Toma forma y consistencia la candidatura de Jorge Macri

Toma forma y consistencia la candidatura de Jorge Macri

(PBA) Jorge Macri no se resigna. El primo del Presidente quiere ser el candidato a senador en la Provincia de Cambiemos, la madre de todas las batallas para el oficialismo. Ayer el intendente de Vicente López y presidente del Grupo Bapro recibió un espaldarazo. Mauricio Macri y María Eugenia Vidal lo acompañaron en la reinauguración y puesta en valor de la estación Aristóbulo del Valle de la línea Belgrano de ferrocarril, que costó $70 millones.

Es la vigésimo primera vez que el primer intendente del PRO más allá de la General Paz comparte un acto con la gobernadora en el año y la séptima oportunidad que lo hace con el Jefe de Estado. Cuando empezó a discutirse la estrategia electoral de cara a 2017, el nombre del jefe comunal -que en 2015 quería ser candidato a gobernador y terminó siendo el jefe de campaña de Vidal- era el preferido de la gobernadora. En el último tiempo, la mandataria provincial y la Casa Rosada habían disminuido las señales de apoyo a Jorge Macri y decidieron abrir el juego a un conjunto de candidatos. Varios creían que las causas judiciales que afronta el intendente podrían ser un boomerang en la campaña y dañar al Presidente, pero ahora se muestran otra vez cerca.

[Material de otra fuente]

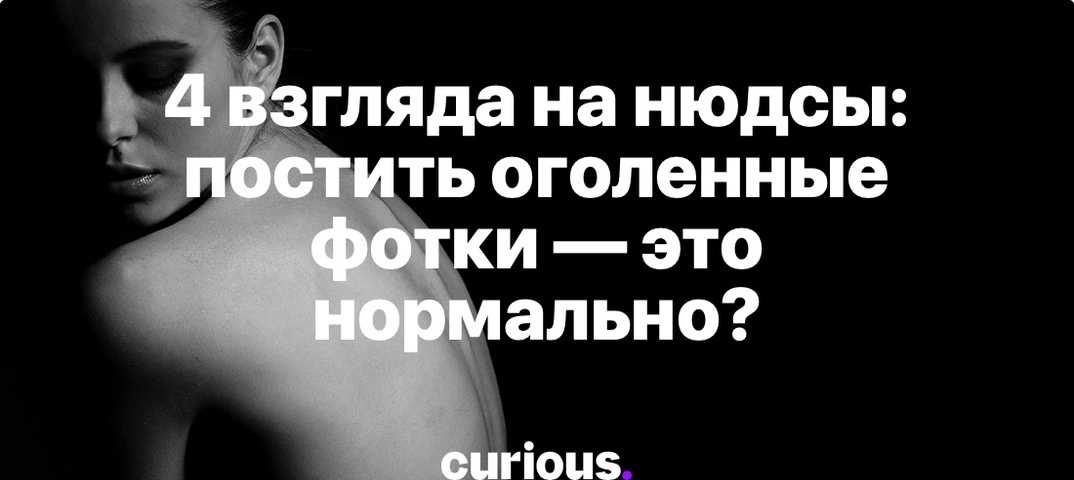 Нюдсы: смысл, определение и значения
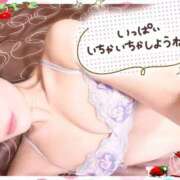 ヒメ日記 2025/10/14 17:03 投稿 一ノ瀬えりか 五十路マダム 沼津店(カサブランカグループ)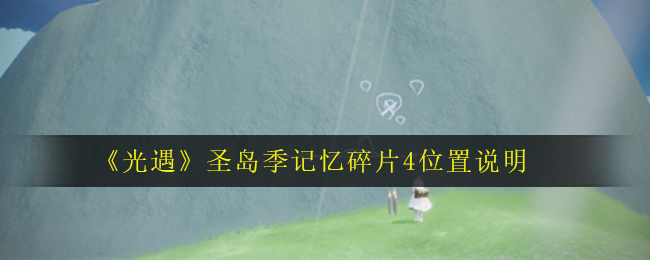 《光遇》圣岛季记忆碎片4位置说明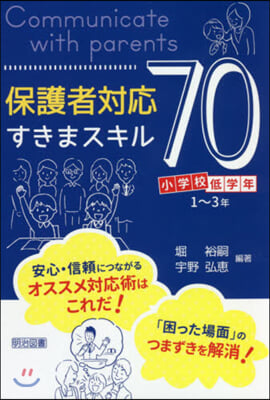 保護者對應すきまスキル 小學校低學年編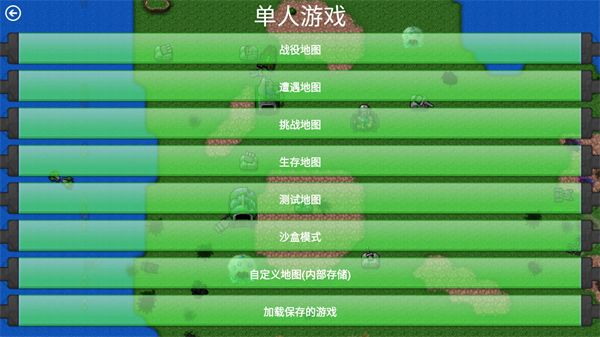 鐵銹戰爭外國模組中文版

Donde no estuvo Jorge Macri fue en la cena en la residencia de la gobernadora que el jueves reunió a la anfitriona, su jefe de Gabinete Federico Salvai, el ministro del Interior Rogelio Frigerio, el secretario de Interior Sebastián García de Luca y Emilio Monzó. El titular de la Cámara de Diputados y el intendente de Vicente López se desconfían. Ni siquiera se ponen de acuerdo para contar la incorporación del primero al PRO. El diputado cuenta que su acercamiento en 2011 fue una sugerencia de Fernando Niembro, amigo del Presidente.

El intendente aduce que fueron él y Diego Santilli los que convencieron al entonces jefe de Gobierno de sumarlo. Los contactos entre Monzó y Jorge Macri en el último año fueron esporádicos, casi nulos. Monzó, que permanecía vedado por Vidal, en 2017 volverá a trabajar en el armado bonaerense junto a los demás actores de la mesa política de la Provincia: Cristian Ritondo, Joaquín de la Torre, la pata radical y Jorge Macri. A comienzos de año se había firmado una tregua, que finalmente quedó trunca. El pedido del Presidente de eliminar las internas pesó. También, la necesidad de asegurar el triunfo.

Hoy el nombre oficialista que mejor mide en la Provincia es del Elisa Carrió, que todavía tiene chances de “quedarse” en la Ciudad. Después, el de Jorge Macri. Los números cambian cuando la encuesta inducida pregunta por el candidato de la gobernadora, la dirigente con mejor imagen del país. En tanto, en La Plata, juran que la estrategia sigue siendo el equipo y las obras. Allí se anotan además Facundo Manes y Gladys González.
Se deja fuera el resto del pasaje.